Reunido o Conselho, chega-se a única solução possível: lavra-se uma Ata, assinada com grande satisfação pela Princesa, em que se recomenda ao Príncipe, que estava em viagem a São Paulo, o rompimento definitivo dos laços com Portugal: o Brasil deveria se tornar independente, assim o aconselhavam os ministros, endossados pela Regente.

Produzida a Ata, esta é enviada, juntamente com os documentos de Lisboa e cartas da Princesa e de Bonifácio, ao jovem Pedro. As referidas cartas podem ser resumidas em uma única mensagem: “chegou a hora, proclame a independência do Brasil!”.

Alguns dias depois, em 07.09.1822, às margens do Riacho do Ipiranga, ao receber as correspondências, decide Dom Pedro dar o brado de emancipação: “Independência ou morte!” – e o Brasil entrava em uma nova fase.

Sem qualquer dúvida, aquela reunião do Conselho de Estado, presidida por Leopoldina, a primeira mulher a governar este País, foi decisiva. Ali foram gestadas a Ata e as cartas que levaram à nossa independência. Foi ali, portanto, que começou, alguns dias antes, o 7 de setembro.

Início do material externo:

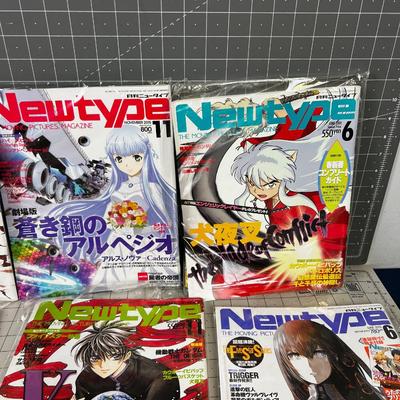 7- NEWTYPE Japanese Anime Magazines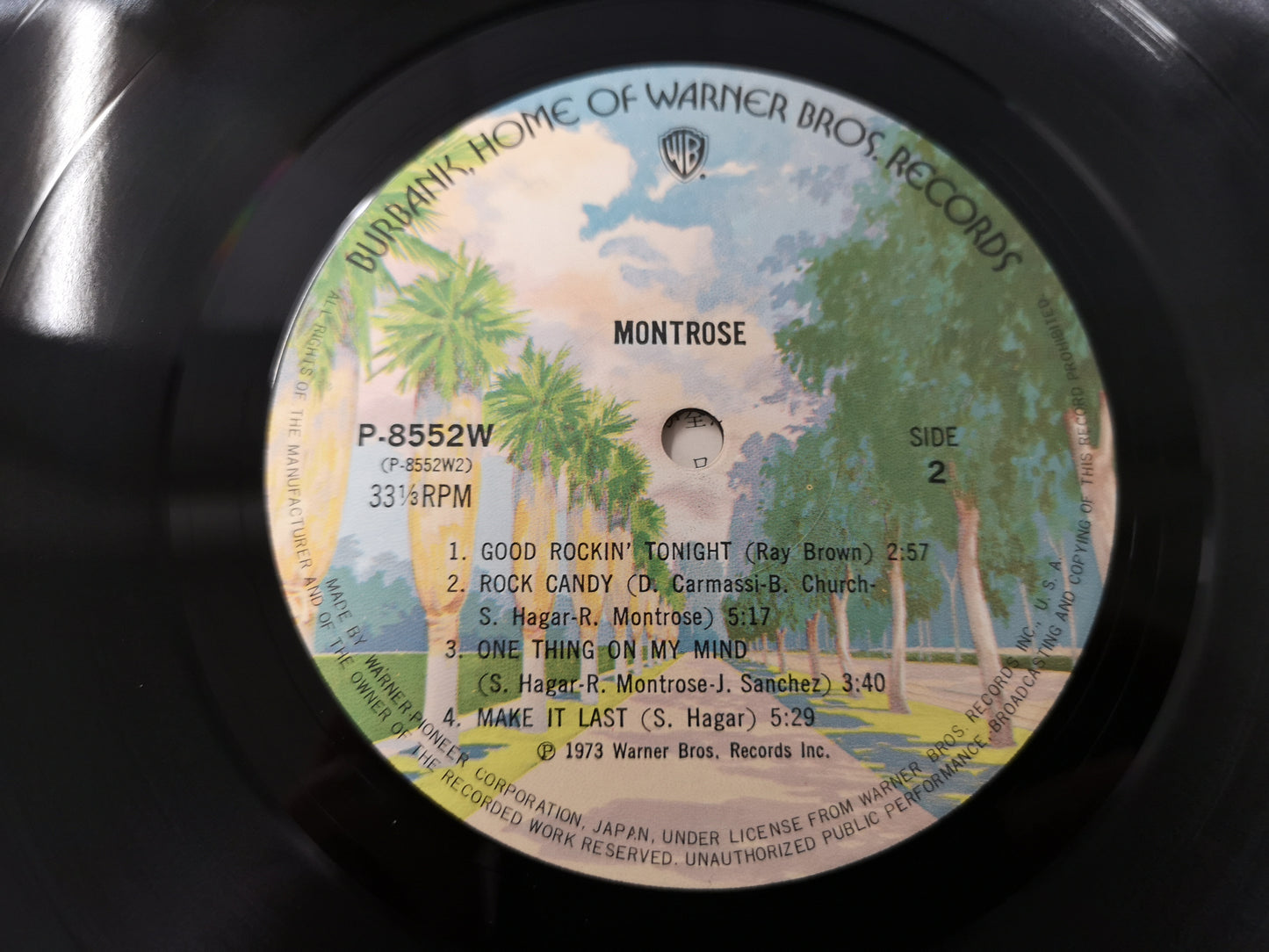 Montrose "S/T" Orig Japan 1975 M-/M- w/ Obi & Insert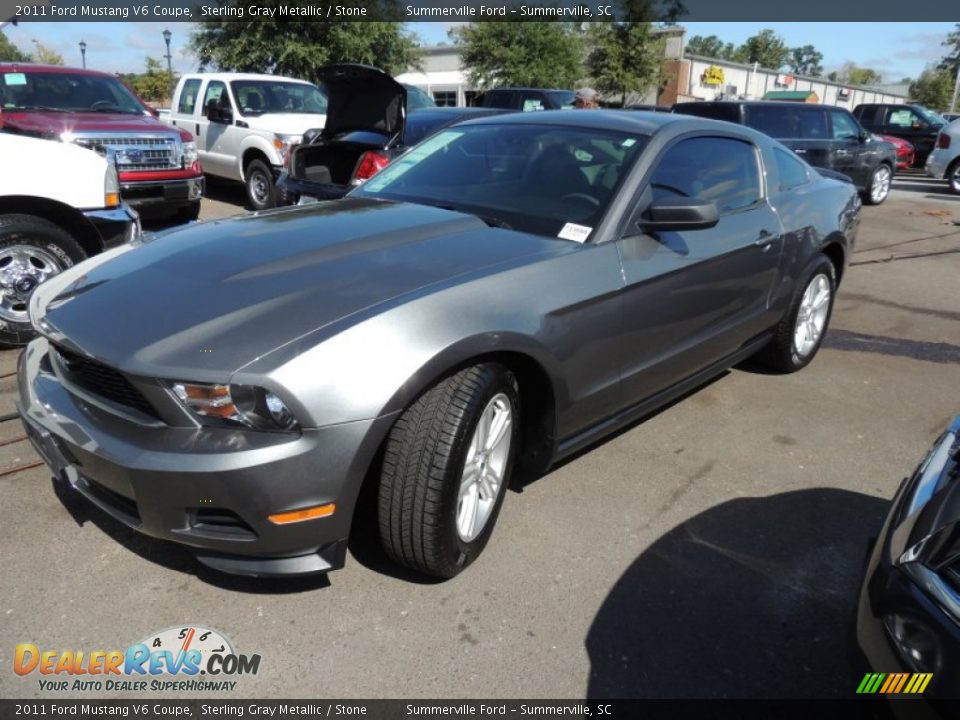2011 Ford Mustang V6 Coupe Sterling Gray Metallic / Stone Photo #2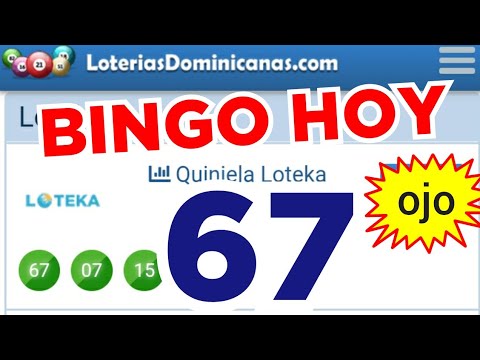 RESULTADOS de HOY..! (( 67 )) BINGO hoy...!! loteria LOTEKA de HOY..! NÚMEROS RECOMENDADOS PARA HOY
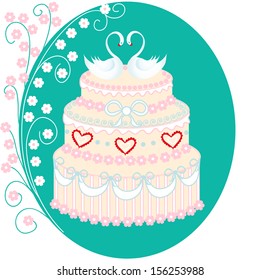 Illustration of wedding cake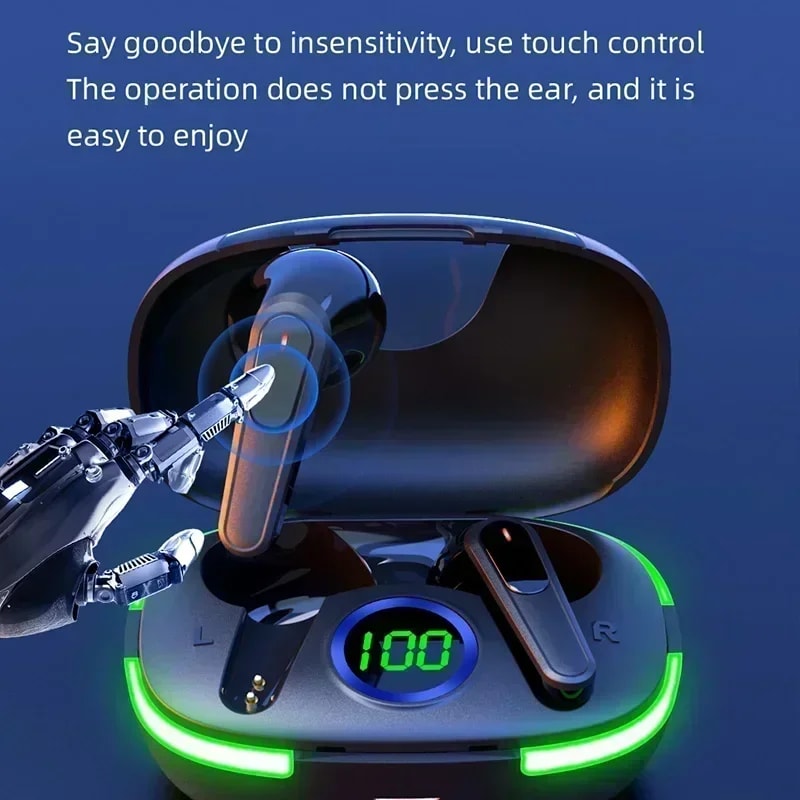 Wireless Bluetooth Earbuds with Mic Touch Control Sports Earphones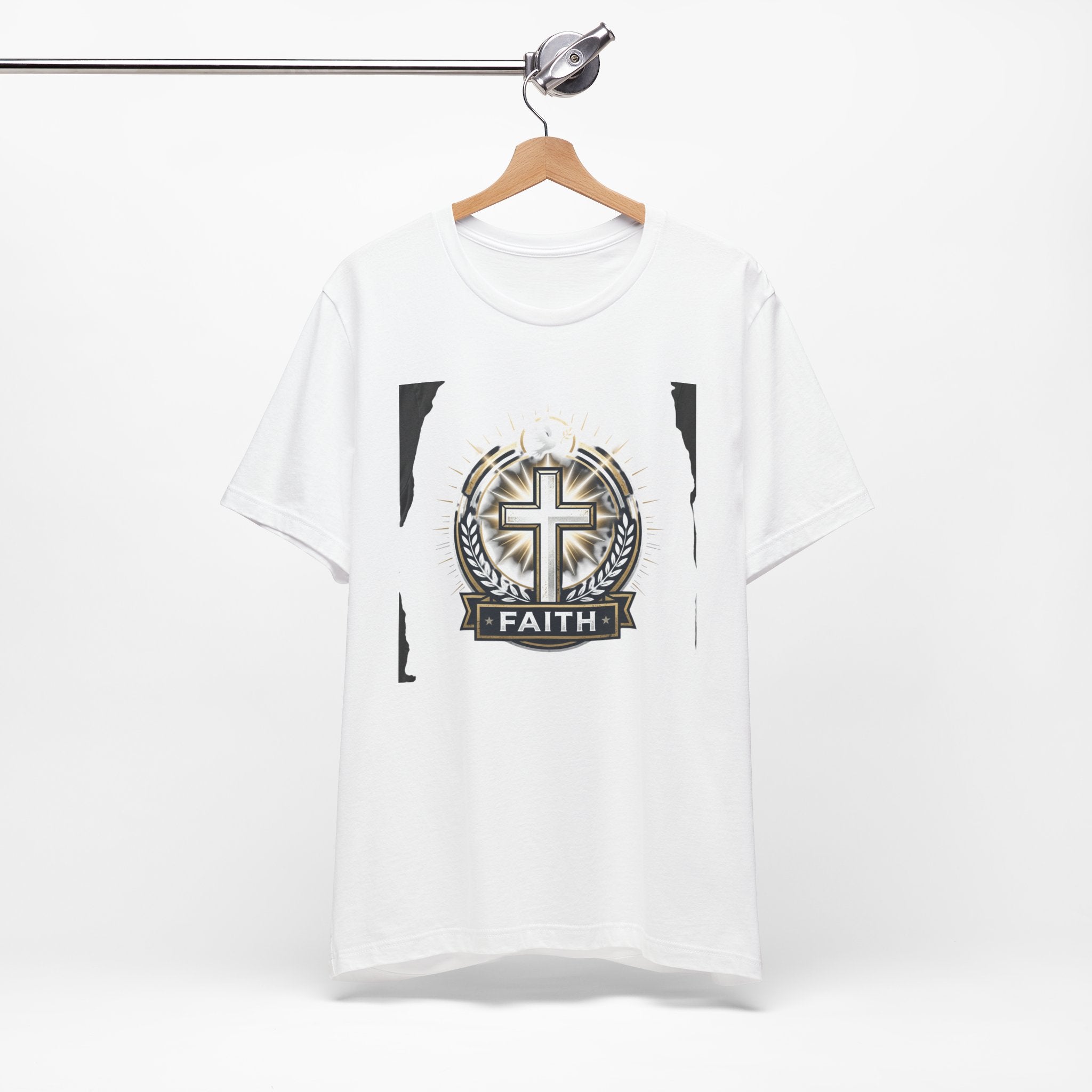 Faith Cross Emblem T-Shirt | Christian Symbol tee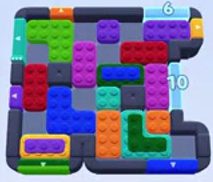 Color Block Jam level 1172 / 1166 / 1170: screenshot of the board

02.09.2018. Transcorridos exatos 196 anos daquele glorioso episódio, a História do Brasil seria marcada por um evento funesto: no mesmo Palácio onde Leopoldina e o Conselho haviam feito o movimento inicial de nossa emancipação, um incêndio criminoso (porque não se pode dizer outra coisa daquele acontecimento) destruiu o edifício histórico e pôs fim a um acervo de valor incalculável. Com o incêndio do Museu Nacional, desaparecia uma parcela importantíssima de nosso passado, mas também de nosso presente, apagando-se, ademais, o futuro de todo um povo.

Naquele triste domingo, há dois anos, chorei. E chorei copiosamente. Chorei pela forma como tratamos nosso patrimônio histórico e cultural. Chorei pelo descaso com a coisa pública e com nossa História. Chorei pelo desprezo e pela ignorância para com aqueles que nos antecederam e labutaram para (tentar) construir uma nação. Chorei pela impunidade que ainda permanece. Chorei porque ali mostramos ao mundo que somos um povo que não merece a independência conquistada.

Hoje continuo de luto. Luto pelo Brasil e pelo nosso atraso com nação, como povo e como civilização. E deixo aqui meu registro de que os episódios ocorridos ali na Quinta da Boa Vista, entre tantos outros, não devem jamais ser esquecidos.